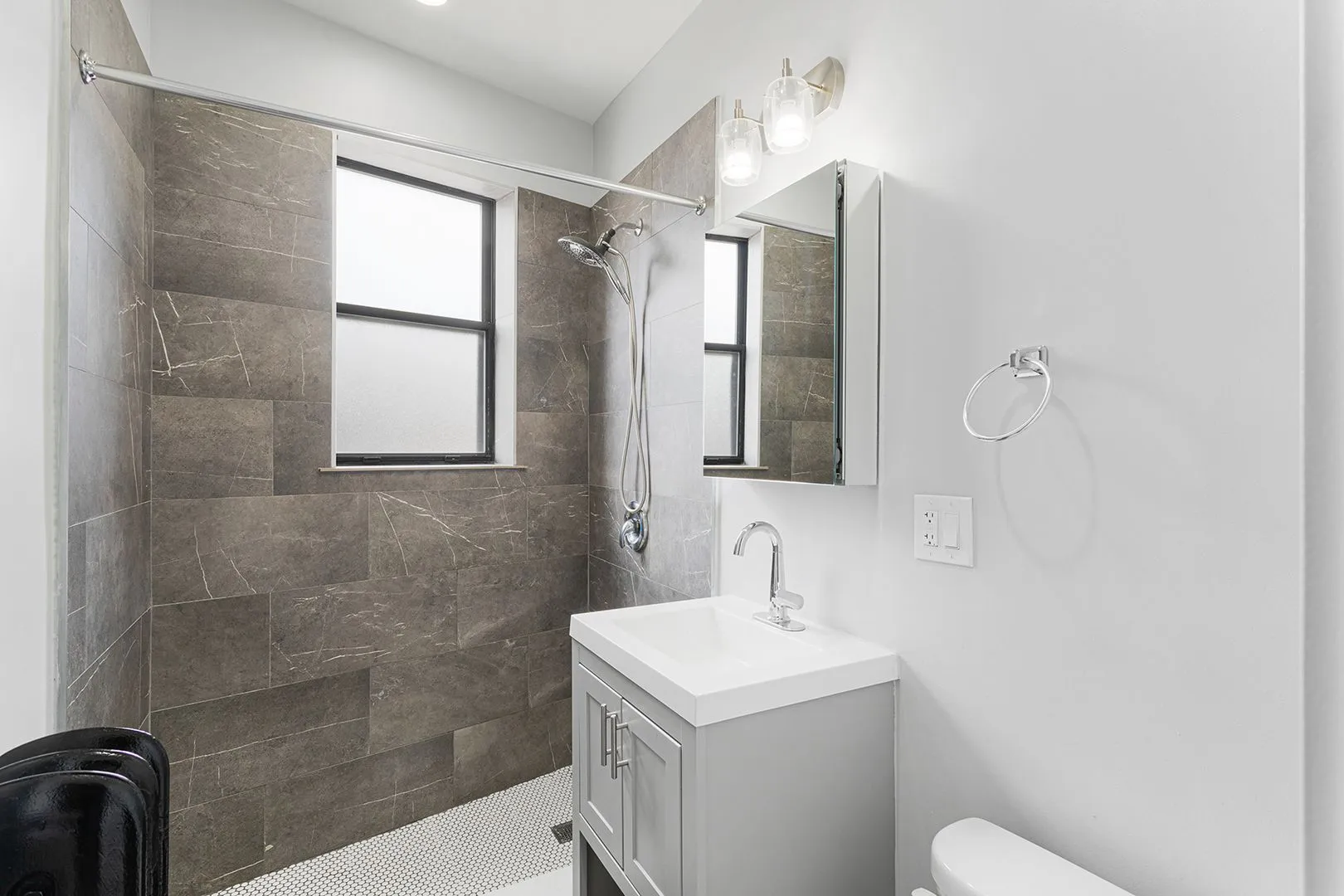 7622 N Eastlake Terrace, ,  60626, USA 60626-unit#2A-Chicago-IL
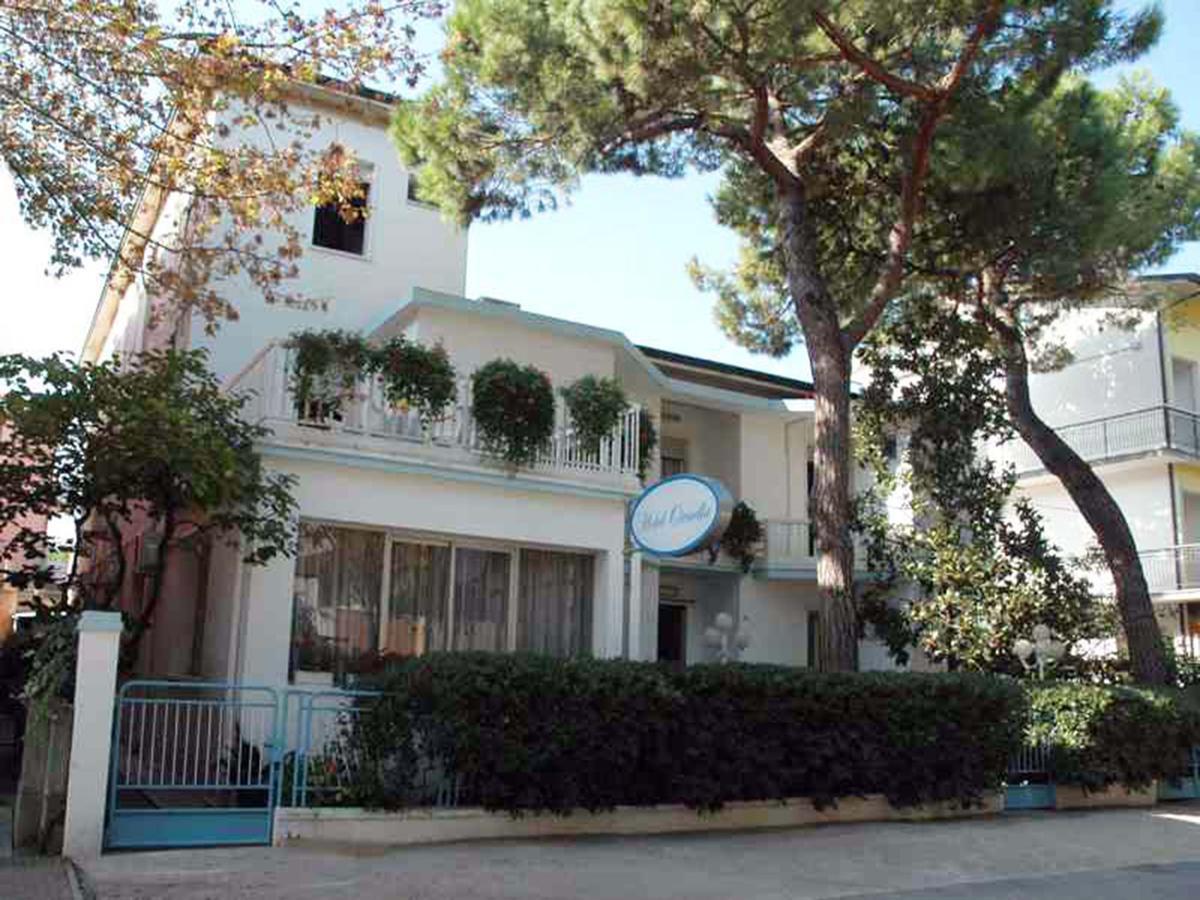 Hotel Pensione Ornella Cesenatico Exterior foto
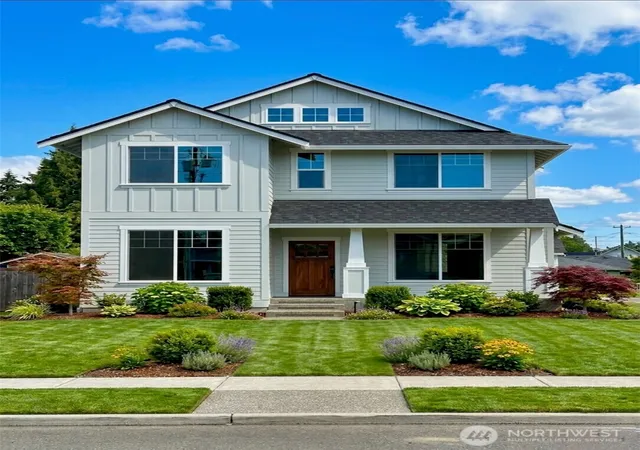 Photo 2 of Single family home for sale at 1101 W Pioneer, Puyallup, WA 98371 | MLS# NWM2535852 | Listing updated on 2026-09-19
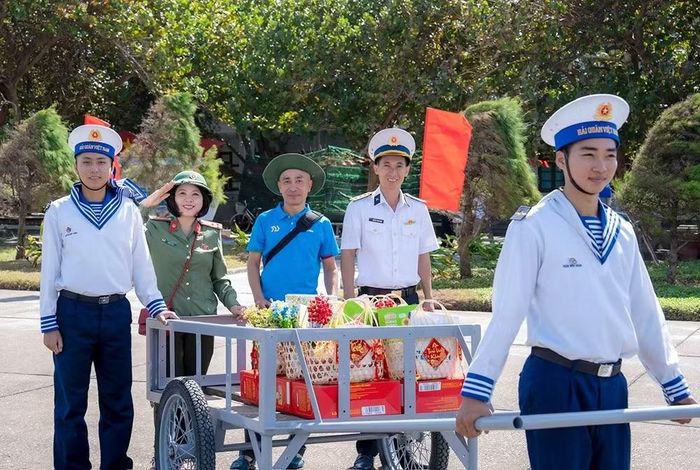 Nhà báo Như Bình - Báo CAND và nhà báo Mai Thanh Hải - Báo Thanh niên cùng các chiến sĩ mang quà Tết tặng các hộ dân trên đảo Trường Sa.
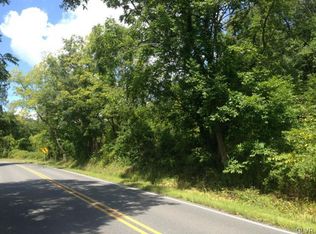 2004 Ridge Rd, Bangor, PA 18013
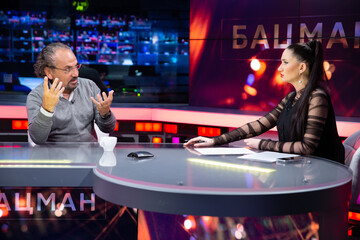 Сенсація від британського прем'єра, зустріч ЦРУ й МI6, чи скоював Невзлін замах на Волкова. Стрим Бацман із Шустером. Трансляція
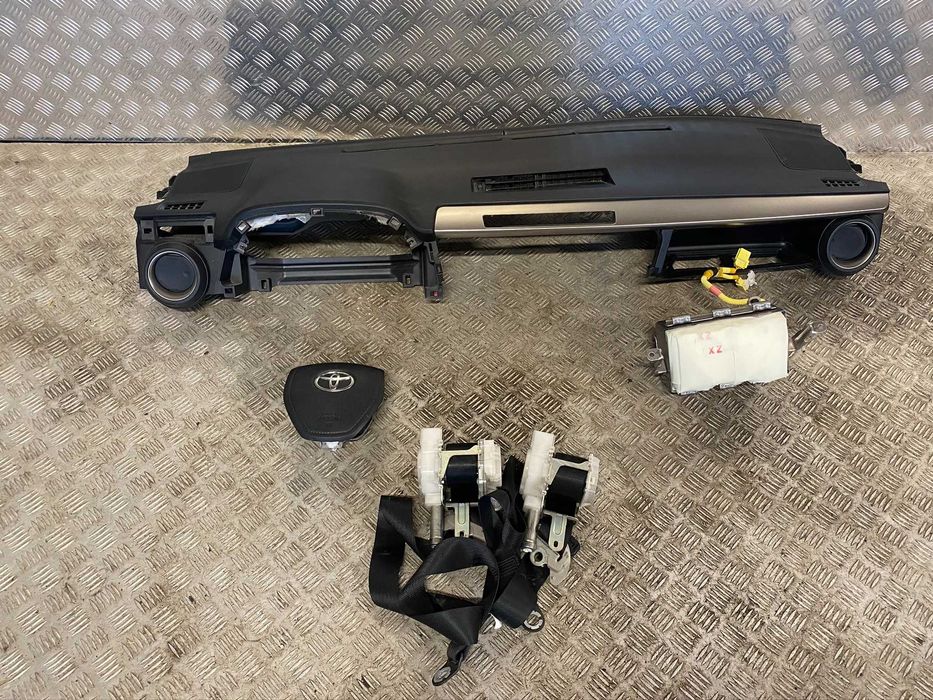 Deska rozdzielcza kokpit airbag pasy Toyota Rav 4 11-18r.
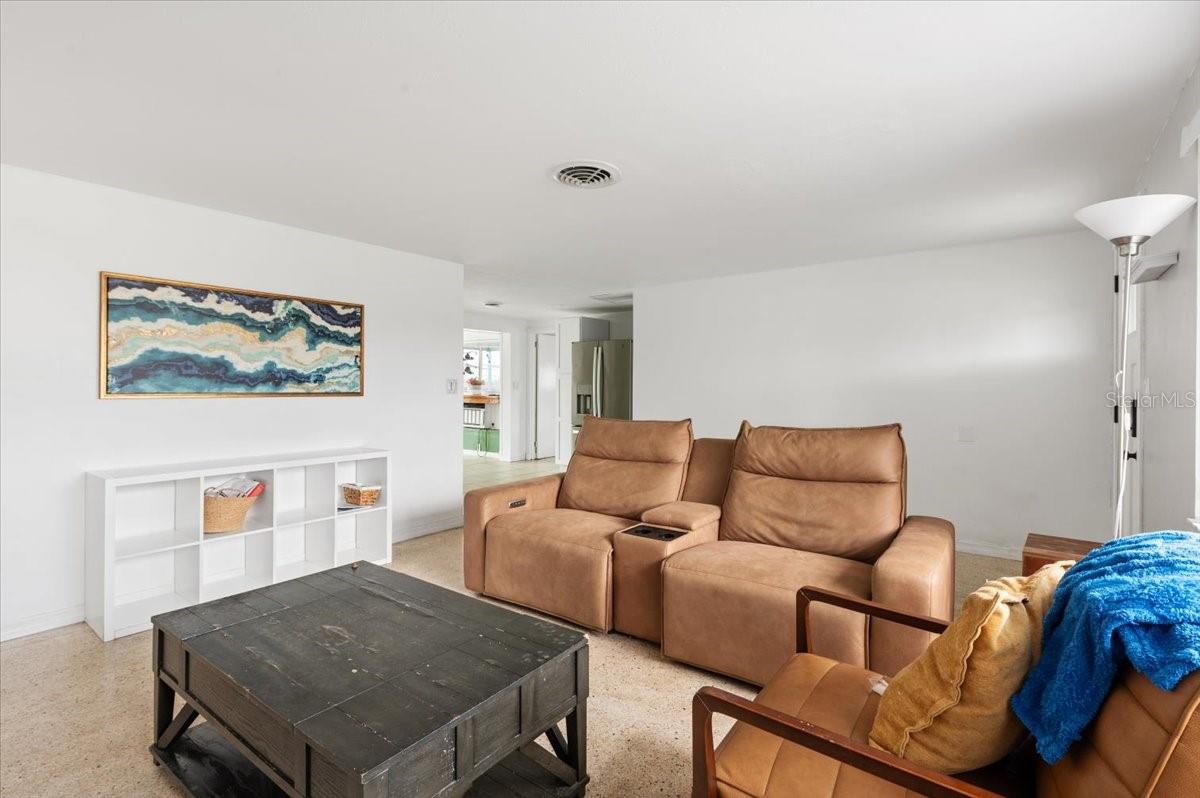 SOUTH VENICE - Residential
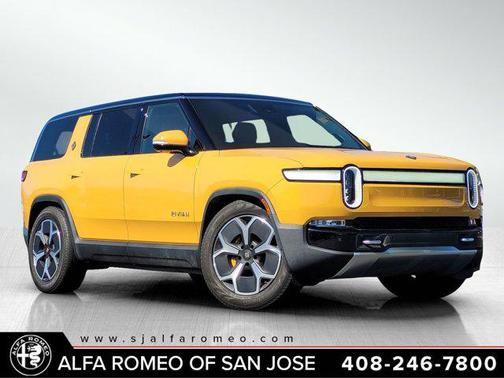 2023 Rivian R1S Adventure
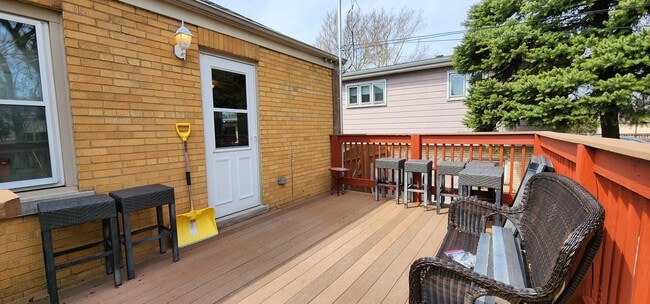 Building Photo - 1831 S Cumberland Ave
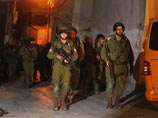Израильские солдаты в ночь на среду арестовали на Западном берегу реки Иордан 50 палестинцев, выпущенных из тюрем в обмен на освобождение военнослужащего Гилада Шалита в 2011 году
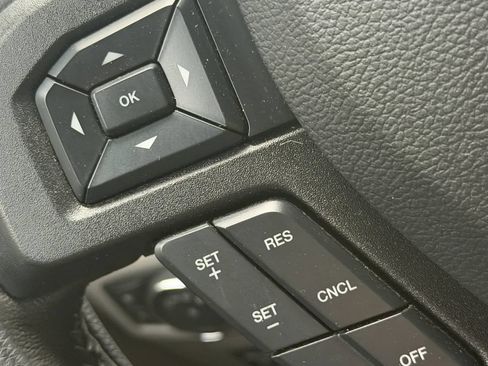 Used 2018 Ford F150 XLT w/ Equipment Group 302A Luxury AWD/4WD image 15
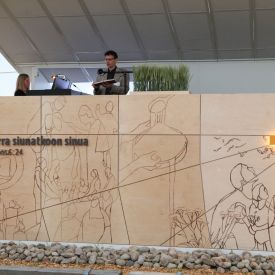 Laulu kaikui iltahartauden aluksi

┄┄┄┄┄┄┄┄┄┄

▶ What is required:
The response should hold only an exact retyping of the lines from the beginning of the data through the line containing "Сенсація від британського", both ends kept, pictures omitted.

▶ Answer space:
 7622 N Eastlake Terrace, ,  60626, USA 60626-unit#2A-Chicago-IL
 Hotel Pensione Ornella Cesenatico Exterior foto
 Photo 2 of Single family home for sale at 1101 W Pioneer, Puyallup, WA 98371 | MLS# NWM2535852 | Listing updated on 2026-09-19
 Nhà báo Như Bình - Báo CAND và nhà báo Mai Thanh Hải - Báo Thanh niên cùng các chiến sĩ mang quà Tết tặng các hộ dân trên đảo Trường Sa.
 2004 Ridge Rd, Bangor, PA 18013
 Сенсація від британського прем'єра, зустріч ЦРУ й МI6, чи скоював Невзлін замах на Волкова. Стрим Бацман із Шустером. Трансляція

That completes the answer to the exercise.